*** Opening Data shown ***

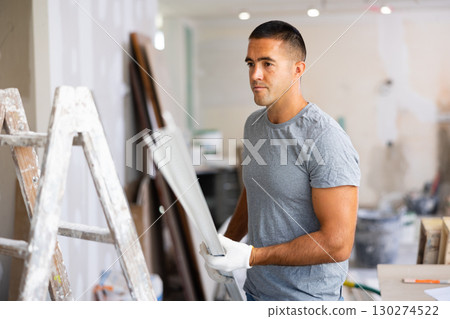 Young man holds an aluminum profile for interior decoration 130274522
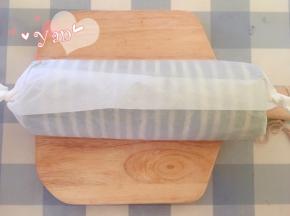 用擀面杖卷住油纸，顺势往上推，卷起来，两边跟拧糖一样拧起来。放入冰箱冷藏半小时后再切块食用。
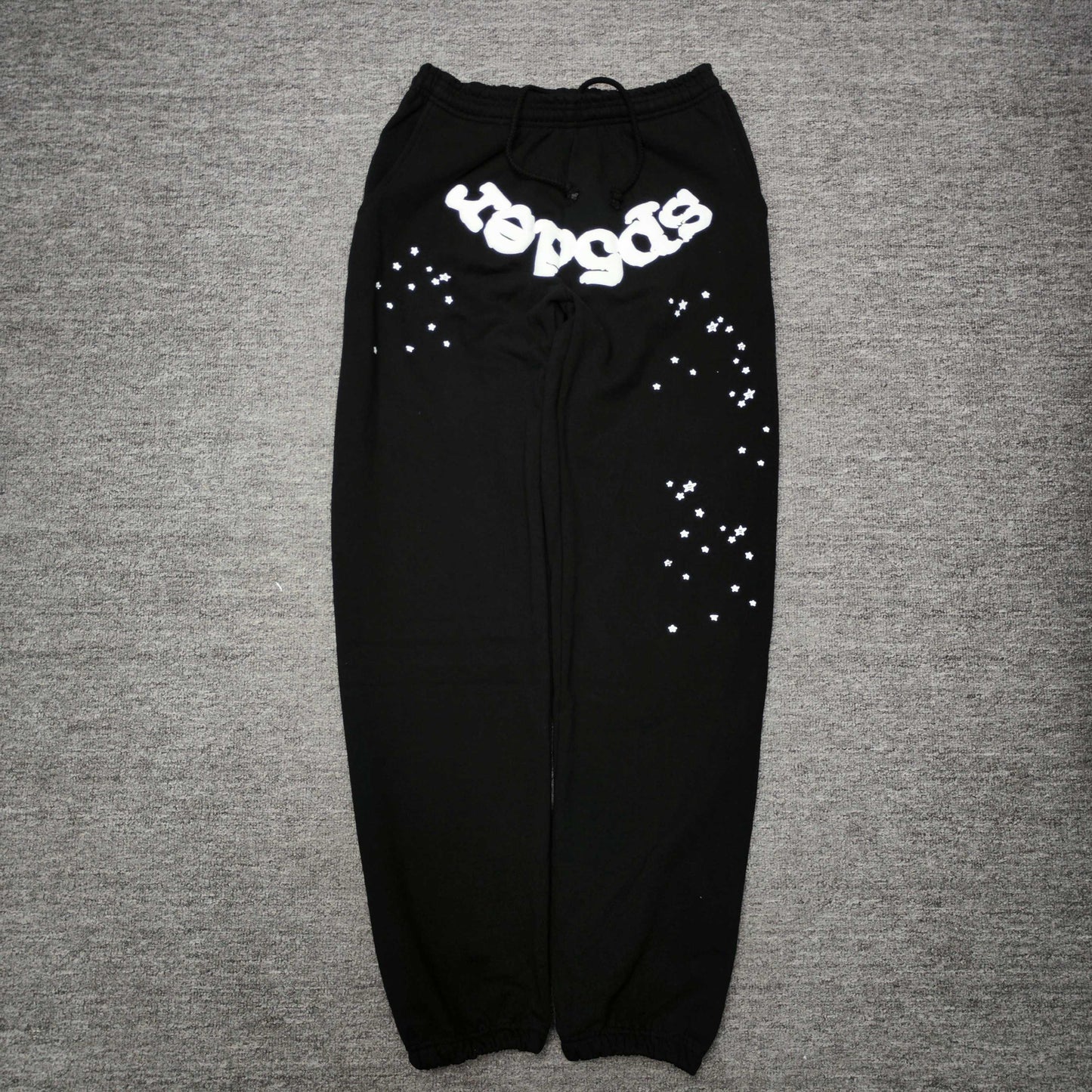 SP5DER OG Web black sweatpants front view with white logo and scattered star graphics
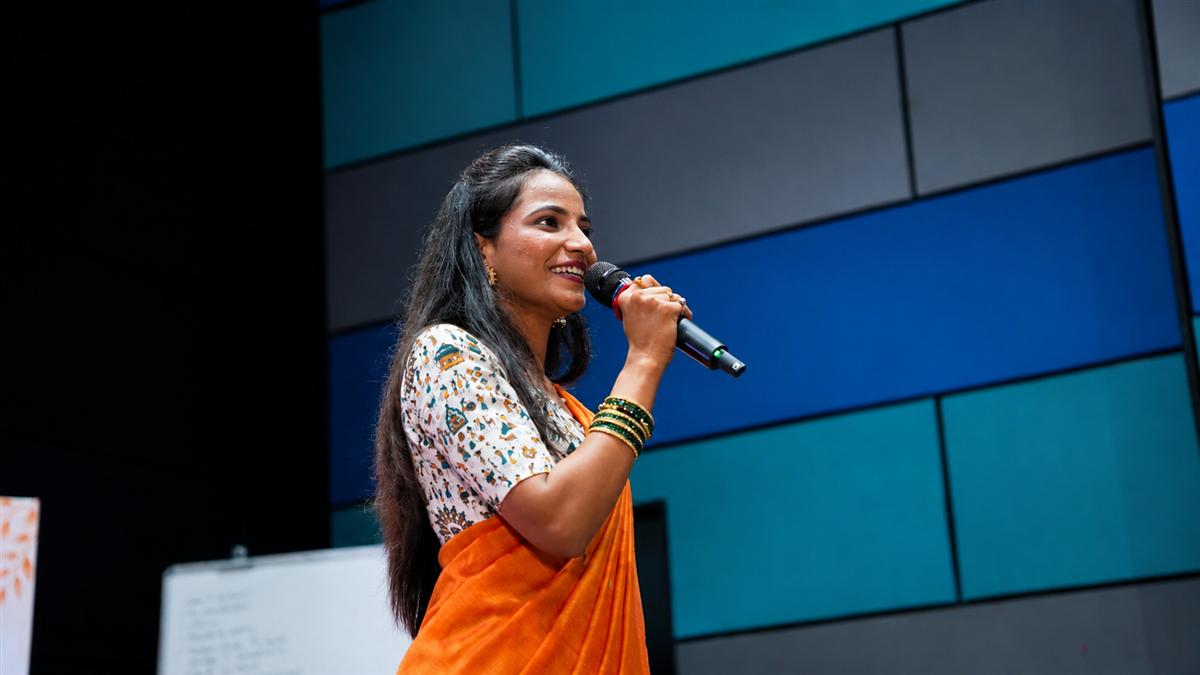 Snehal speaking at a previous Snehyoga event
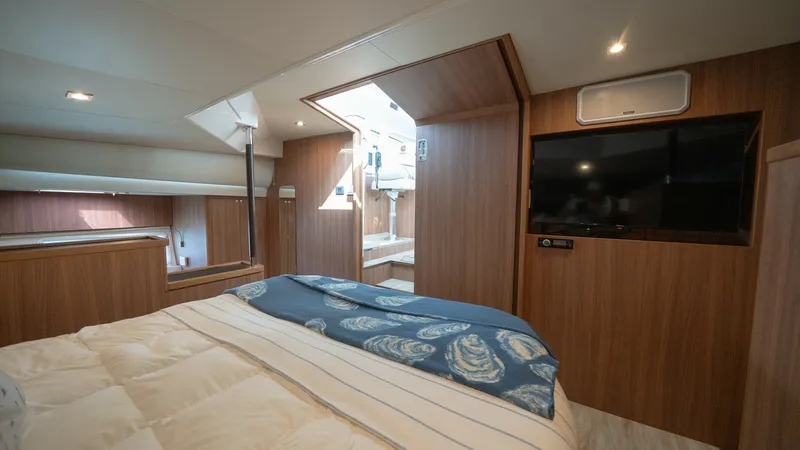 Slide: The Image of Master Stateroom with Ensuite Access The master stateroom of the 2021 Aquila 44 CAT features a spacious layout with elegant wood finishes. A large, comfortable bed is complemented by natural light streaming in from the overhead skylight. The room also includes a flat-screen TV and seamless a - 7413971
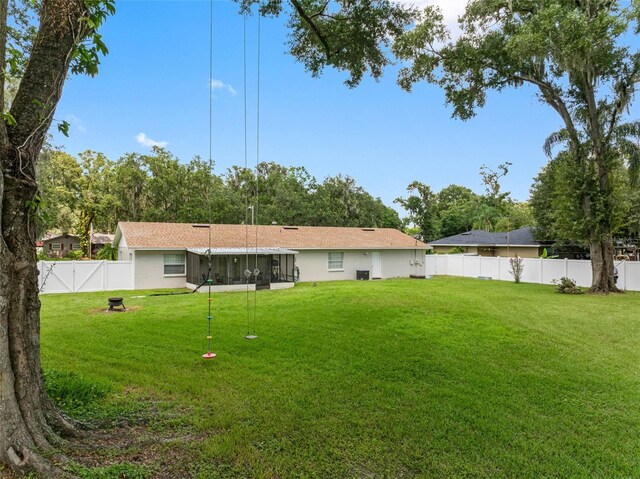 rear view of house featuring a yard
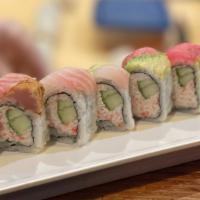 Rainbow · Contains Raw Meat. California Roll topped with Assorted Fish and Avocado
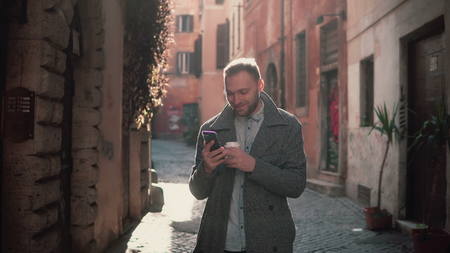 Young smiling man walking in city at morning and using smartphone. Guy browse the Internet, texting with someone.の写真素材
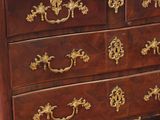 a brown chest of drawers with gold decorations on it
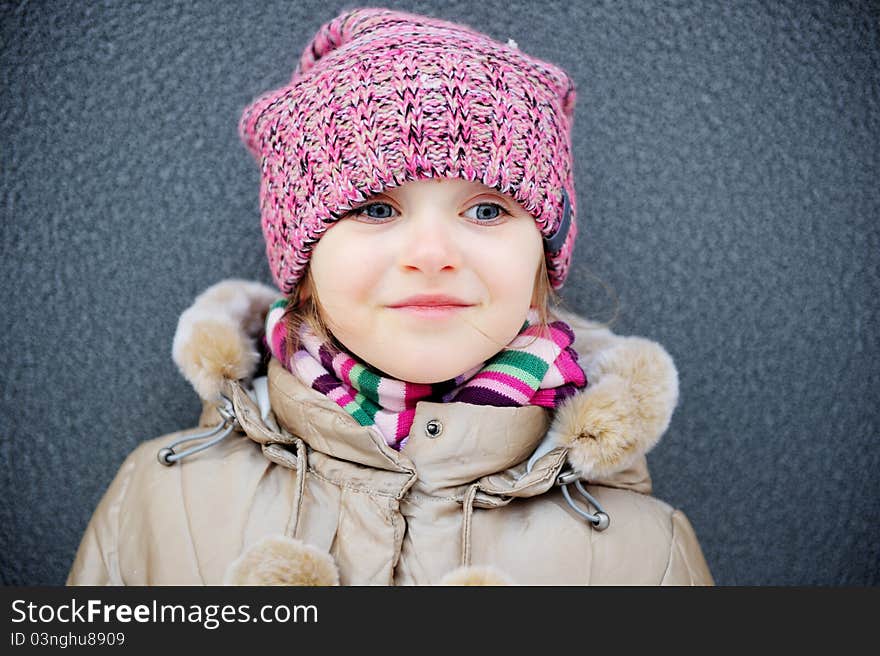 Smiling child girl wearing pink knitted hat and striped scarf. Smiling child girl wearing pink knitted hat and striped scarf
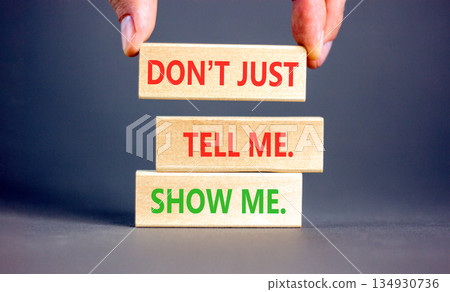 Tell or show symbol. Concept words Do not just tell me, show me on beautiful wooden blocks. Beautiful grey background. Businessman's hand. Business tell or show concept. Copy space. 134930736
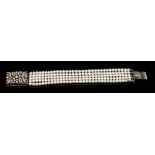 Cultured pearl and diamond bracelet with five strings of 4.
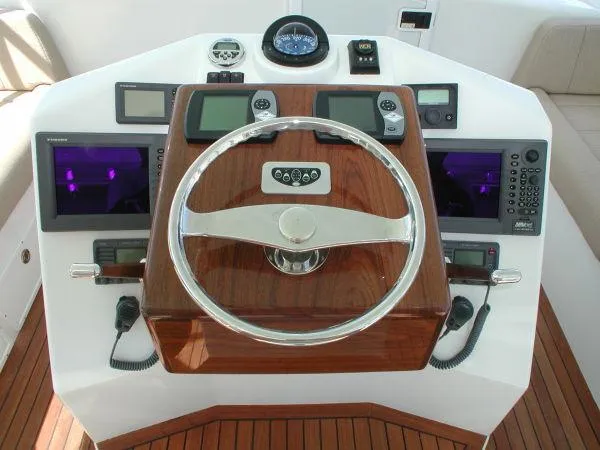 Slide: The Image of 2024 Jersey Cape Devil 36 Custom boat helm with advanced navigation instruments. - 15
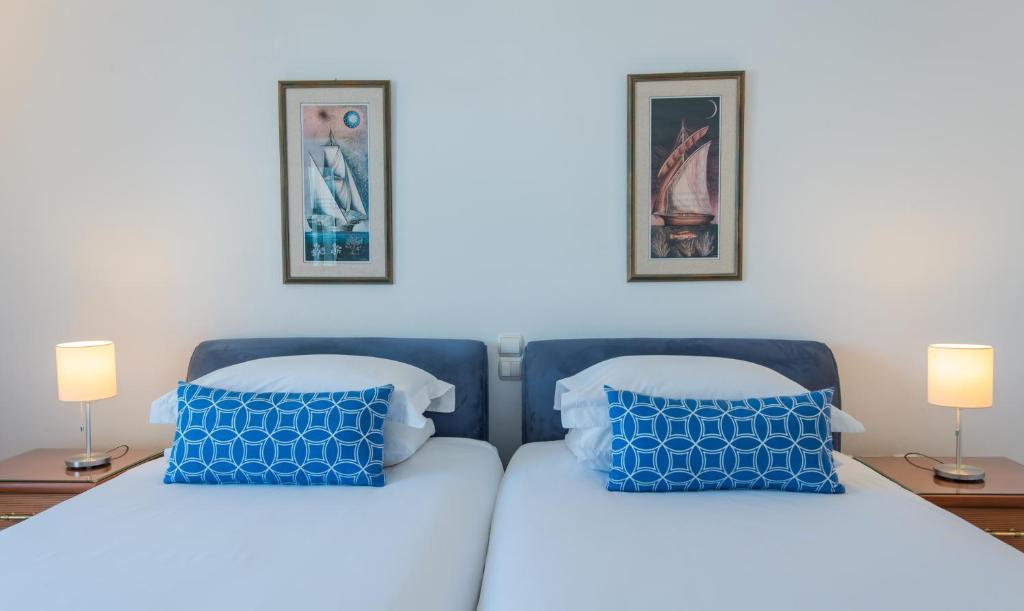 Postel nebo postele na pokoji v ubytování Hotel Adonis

*** Closing Data shown ***

◆ **What is being asked**
Give back exactly the lines from the opening of the listing through the line holding "Cultured pearl and", both ends included, with every picture omitted.

◆ **Task response**
 Young man holds an aluminum profile for interior decoration 130274522
 用擀面杖卷住油纸，顺势往上推，卷起来，两边跟拧糖一样拧起来。放入冰箱冷藏半小时后再切块食用。
 SP5DER OG Web black sweatpants front view with white logo and scattered star graphics
 Snehal speaking at a previous Snehyoga event
 Slide: The Image of Master Stateroom with Ensuite Access The master stateroom of the 2021 Aquila 44 CAT features a spacious layout with elegant wood finishes. A large, comfortable bed is complemented by natural light streaming in from the overhead skylight. The room also includes a flat-screen TV and seamless a - 7413971
 rear view of house featuring a yard
 Rainbow · Contains Raw Meat. California Roll topped with Assorted Fish and Avocado
 Young smiling man walking in city at morning and using smartphone. Guy browse the Internet, texting with someone.の写真素材
 a brown chest of drawers with gold decorations on it
 Smiling child girl wearing pink knitted hat and striped scarf. Smiling child girl wearing pink knitted hat and striped scarf
 Tell or show symbol. Concept words Do not just tell me, show me on beautiful wooden blocks. Beautiful grey background. Businessman's hand. Business tell or show concept. Copy space. 134930736
 Cultured pearl and diamond bracelet with five strings of 4.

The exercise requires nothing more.